Work to complete: Reply with every entry, repeated exactly as given.

[Short text fragments from websites]
══════════
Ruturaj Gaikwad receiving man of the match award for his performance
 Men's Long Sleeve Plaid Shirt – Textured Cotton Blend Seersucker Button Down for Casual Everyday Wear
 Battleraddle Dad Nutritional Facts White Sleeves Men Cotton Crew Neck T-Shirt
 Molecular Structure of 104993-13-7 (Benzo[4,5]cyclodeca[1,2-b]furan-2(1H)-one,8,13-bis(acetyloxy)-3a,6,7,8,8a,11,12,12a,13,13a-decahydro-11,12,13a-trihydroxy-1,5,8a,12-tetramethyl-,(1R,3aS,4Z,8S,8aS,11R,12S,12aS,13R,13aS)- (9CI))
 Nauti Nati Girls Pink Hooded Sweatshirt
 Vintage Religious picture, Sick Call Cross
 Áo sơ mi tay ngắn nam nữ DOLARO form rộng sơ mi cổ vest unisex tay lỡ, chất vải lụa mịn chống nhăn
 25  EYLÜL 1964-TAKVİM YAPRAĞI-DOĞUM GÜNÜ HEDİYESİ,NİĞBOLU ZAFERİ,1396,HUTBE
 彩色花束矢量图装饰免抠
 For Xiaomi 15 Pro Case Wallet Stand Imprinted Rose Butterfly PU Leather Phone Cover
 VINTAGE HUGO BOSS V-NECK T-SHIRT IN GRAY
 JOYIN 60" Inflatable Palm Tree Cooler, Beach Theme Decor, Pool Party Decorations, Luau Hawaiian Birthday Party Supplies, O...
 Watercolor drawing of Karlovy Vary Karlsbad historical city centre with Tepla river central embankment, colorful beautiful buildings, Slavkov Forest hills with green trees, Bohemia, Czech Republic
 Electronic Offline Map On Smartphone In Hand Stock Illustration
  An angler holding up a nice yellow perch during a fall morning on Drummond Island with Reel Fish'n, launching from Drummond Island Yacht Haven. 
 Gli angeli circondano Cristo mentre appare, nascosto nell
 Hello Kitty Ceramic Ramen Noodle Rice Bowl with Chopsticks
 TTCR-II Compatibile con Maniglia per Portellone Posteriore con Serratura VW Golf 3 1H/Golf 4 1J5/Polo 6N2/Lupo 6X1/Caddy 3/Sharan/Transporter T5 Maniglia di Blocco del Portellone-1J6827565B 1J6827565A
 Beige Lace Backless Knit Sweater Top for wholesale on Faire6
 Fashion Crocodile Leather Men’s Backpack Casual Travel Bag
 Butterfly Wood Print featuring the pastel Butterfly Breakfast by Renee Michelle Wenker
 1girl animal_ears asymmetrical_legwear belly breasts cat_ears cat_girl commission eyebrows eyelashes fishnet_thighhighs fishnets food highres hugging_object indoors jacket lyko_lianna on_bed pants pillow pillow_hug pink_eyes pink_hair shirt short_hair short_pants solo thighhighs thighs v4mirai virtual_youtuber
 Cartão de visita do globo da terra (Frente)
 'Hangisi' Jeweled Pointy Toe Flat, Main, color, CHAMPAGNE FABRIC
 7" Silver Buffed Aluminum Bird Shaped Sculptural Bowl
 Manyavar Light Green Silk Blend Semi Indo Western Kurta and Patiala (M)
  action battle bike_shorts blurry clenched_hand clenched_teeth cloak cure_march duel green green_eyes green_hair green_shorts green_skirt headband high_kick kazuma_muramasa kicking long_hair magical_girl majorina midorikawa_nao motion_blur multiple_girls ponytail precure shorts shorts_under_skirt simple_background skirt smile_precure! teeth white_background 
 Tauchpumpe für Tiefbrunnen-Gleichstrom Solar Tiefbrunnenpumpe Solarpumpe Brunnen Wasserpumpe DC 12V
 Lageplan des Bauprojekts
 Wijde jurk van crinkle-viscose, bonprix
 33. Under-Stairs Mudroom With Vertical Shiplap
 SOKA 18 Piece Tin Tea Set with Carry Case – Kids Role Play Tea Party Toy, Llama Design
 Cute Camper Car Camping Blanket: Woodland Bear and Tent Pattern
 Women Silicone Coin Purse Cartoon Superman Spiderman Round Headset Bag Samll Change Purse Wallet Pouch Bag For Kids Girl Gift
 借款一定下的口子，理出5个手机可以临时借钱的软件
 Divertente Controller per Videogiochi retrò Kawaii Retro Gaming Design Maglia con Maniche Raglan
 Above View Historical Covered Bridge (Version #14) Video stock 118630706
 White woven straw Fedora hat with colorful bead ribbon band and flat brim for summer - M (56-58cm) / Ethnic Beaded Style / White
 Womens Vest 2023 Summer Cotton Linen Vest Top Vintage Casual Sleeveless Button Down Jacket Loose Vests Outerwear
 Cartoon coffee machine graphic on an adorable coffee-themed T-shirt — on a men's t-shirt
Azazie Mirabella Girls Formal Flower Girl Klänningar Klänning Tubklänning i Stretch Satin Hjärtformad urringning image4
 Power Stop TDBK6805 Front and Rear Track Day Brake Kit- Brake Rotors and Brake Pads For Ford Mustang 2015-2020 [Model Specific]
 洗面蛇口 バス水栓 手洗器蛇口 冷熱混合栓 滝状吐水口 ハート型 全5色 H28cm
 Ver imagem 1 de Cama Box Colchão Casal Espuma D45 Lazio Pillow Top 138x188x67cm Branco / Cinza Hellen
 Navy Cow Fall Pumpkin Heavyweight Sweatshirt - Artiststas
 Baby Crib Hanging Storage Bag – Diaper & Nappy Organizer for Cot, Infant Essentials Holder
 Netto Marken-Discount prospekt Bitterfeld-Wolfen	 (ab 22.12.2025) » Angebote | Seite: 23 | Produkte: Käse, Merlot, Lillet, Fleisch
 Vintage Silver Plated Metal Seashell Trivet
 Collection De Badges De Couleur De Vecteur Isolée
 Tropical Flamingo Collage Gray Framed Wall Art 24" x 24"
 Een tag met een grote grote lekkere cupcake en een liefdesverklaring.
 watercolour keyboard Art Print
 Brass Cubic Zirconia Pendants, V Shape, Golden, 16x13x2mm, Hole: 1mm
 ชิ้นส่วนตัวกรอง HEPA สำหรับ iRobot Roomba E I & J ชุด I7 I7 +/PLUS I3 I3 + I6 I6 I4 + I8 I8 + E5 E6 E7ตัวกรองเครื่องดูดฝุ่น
══════════
Task result:
Ruturaj Gaikwad receiving man of the match award for his performance
 Men's Long Sleeve Plaid Shirt – Textured Cotton Blend Seersucker Button Down for Casual Everyday Wear
 Battleraddle Dad Nutritional Facts White Sleeves Men Cotton Crew Neck T-Shirt
 Molecular Structure of 104993-13-7 (Benzo[4,5]cyclodeca[1,2-b]furan-2(1H)-one,8,13-bis(acetyloxy)-3a,6,7,8,8a,11,12,12a,13,13a-decahydro-11,12,13a-trihydroxy-1,5,8a,12-tetramethyl-,(1R,3aS,4Z,8S,8aS,11R,12S,12aS,13R,13aS)- (9CI))
 Nauti Nati Girls Pink Hooded Sweatshirt
 Vintage Religious picture, Sick Call Cross
 Áo sơ mi tay ngắn nam nữ DOLARO form rộng sơ mi cổ vest unisex tay lỡ, chất vải lụa mịn chống nhăn
 25  EYLÜL 1964-TAKVİM YAPRAĞI-DOĞUM GÜNÜ HEDİYESİ,NİĞBOLU ZAFERİ,1396,HUTBE
 彩色花束矢量图装饰免抠
 For Xiaomi 15 Pro Case Wallet Stand Imprinted Rose Butterfly PU Leather Phone Cover
 VINTAGE HUGO BOSS V-NECK T-SHIRT IN GRAY
 JOYIN 60" Inflatable Palm Tree Cooler, Beach Theme Decor, Pool Party Decorations, Luau Hawaiian Birthday Party Supplies, O...
 Watercolor drawing of Karlovy Vary Karlsbad historical city centre with Tepla river central embankment, colorful beautiful buildings, Slavkov Forest hills with green trees, Bohemia, Czech Republic
 Electronic Offline Map On Smartphone In Hand Stock Illustration
  An angler holding up a nice yellow perch during a fall morning on Drummond Island with Reel Fish'n, launching from Drummond Island Yacht Haven. 
 Gli angeli circondano Cristo mentre appare, nascosto nell
 Hello Kitty Ceramic Ramen Noodle Rice Bowl with Chopsticks
 TTCR-II Compatibile con Maniglia per Portellone Posteriore con Serratura VW Golf 3 1H/Golf 4 1J5/Polo 6N2/Lupo 6X1/Caddy 3/Sharan/Transporter T5 Maniglia di Blocco del Portellone-1J6827565B 1J6827565A
 Beige Lace Backless Knit Sweater Top for wholesale on Faire6
 Fashion Crocodile Leather Men’s Backpack Casual Travel Bag
 Butterfly Wood Print featuring the pastel Butterfly Breakfast by Renee Michelle Wenker
 1girl animal_ears asymmetrical_legwear belly breasts cat_ears cat_girl commission eyebrows eyelashes fishnet_thighhighs fishnets food highres hugging_object indoors jacket lyko_lianna on_bed pants pillow pillow_hug pink_eyes pink_hair shirt short_hair short_pants solo thighhighs thighs v4mirai virtual_youtuber
 Cartão de visita do globo da terra (Frente)
 'Hangisi' Jeweled Pointy Toe Flat, Main, color, CHAMPAGNE FABRIC
 7" Silver Buffed Aluminum Bird Shaped Sculptural Bowl
 Manyavar Light Green Silk Blend Semi Indo Western Kurta and Patiala (M)
  action battle bike_shorts blurry clenched_hand clenched_teeth cloak cure_march duel green green_eyes green_hair green_shorts green_skirt headband high_kick kazuma_muramasa kicking long_hair magical_girl majorina midorikawa_nao motion_blur multiple_girls ponytail precure shorts shorts_under_skirt simple_background skirt smile_precure! teeth white_background 
 Tauchpumpe für Tiefbrunnen-Gleichstrom Solar Tiefbrunnenpumpe Solarpumpe Brunnen Wasserpumpe DC 12V
 Lageplan des Bauprojekts
 Wijde jurk van crinkle-viscose, bonprix
 33. Under-Stairs Mudroom With Vertical Shiplap
 SOKA 18 Piece Tin Tea Set with Carry Case – Kids Role Play Tea Party Toy, Llama Design
 Cute Camper Car Camping Blanket: Woodland Bear and Tent Pattern
 Women Silicone Coin Purse Cartoon Superman Spiderman Round Headset Bag Samll Change Purse Wallet Pouch Bag For Kids Girl Gift
 借款一定下的口子，理出5个手机可以临时借钱的软件
 Divertente Controller per Videogiochi retrò Kawaii Retro Gaming Design Maglia con Maniche Raglan
 Above View Historical Covered Bridge (Version #14) Video stock 118630706
 White woven straw Fedora hat with colorful bead ribbon band and flat brim for summer - M (56-58cm) / Ethnic Beaded Style / White
 Womens Vest 2023 Summer Cotton Linen Vest Top Vintage Casual Sleeveless Button Down Jacket Loose Vests Outerwear
 Cartoon coffee machine graphic on an adorable coffee-themed T-shirt — on a men's t-shirt
Azazie Mirabella Girls Formal Flower Girl Klänningar Klänning Tubklänning i Stretch Satin Hjärtformad urringning image4
 Power Stop TDBK6805 Front and Rear Track Day Brake Kit- Brake Rotors and Brake Pads For Ford Mustang 2015-2020 [Model Specific]
 洗面蛇口 バス水栓 手洗器蛇口 冷熱混合栓 滝状吐水口 ハート型 全5色 H28cm
 Ver imagem 1 de Cama Box Colchão Casal Espuma D45 Lazio Pillow Top 138x188x67cm Branco / Cinza Hellen
 Navy Cow Fall Pumpkin Heavyweight Sweatshirt - Artiststas
 Baby Crib Hanging Storage Bag – Diaper & Nappy Organizer for Cot, Infant Essentials Holder
 Netto Marken-Discount prospekt Bitterfeld-Wolfen	 (ab 22.12.2025) » Angebote | Seite: 23 | Produkte: Käse, Merlot, Lillet, Fleisch
 Vintage Silver Plated Metal Seashell Trivet
 Collection De Badges De Couleur De Vecteur Isolée
 Tropical Flamingo Collage Gray Framed Wall Art 24" x 24"
 Een tag met een grote grote lekkere cupcake en een liefdesverklaring.
 watercolour keyboard Art Print
 Brass Cubic Zirconia Pendants, V Shape, Golden, 16x13x2mm, Hole: 1mm
 ชิ้นส่วนตัวกรอง HEPA สำหรับ iRobot Roomba E I & J ชุด I7 I7 +/PLUS I3 I3 + I6 I6 I4 + I8 I8 + E5 E6 E7ตัวกรองเครื่องดูดฝุ่น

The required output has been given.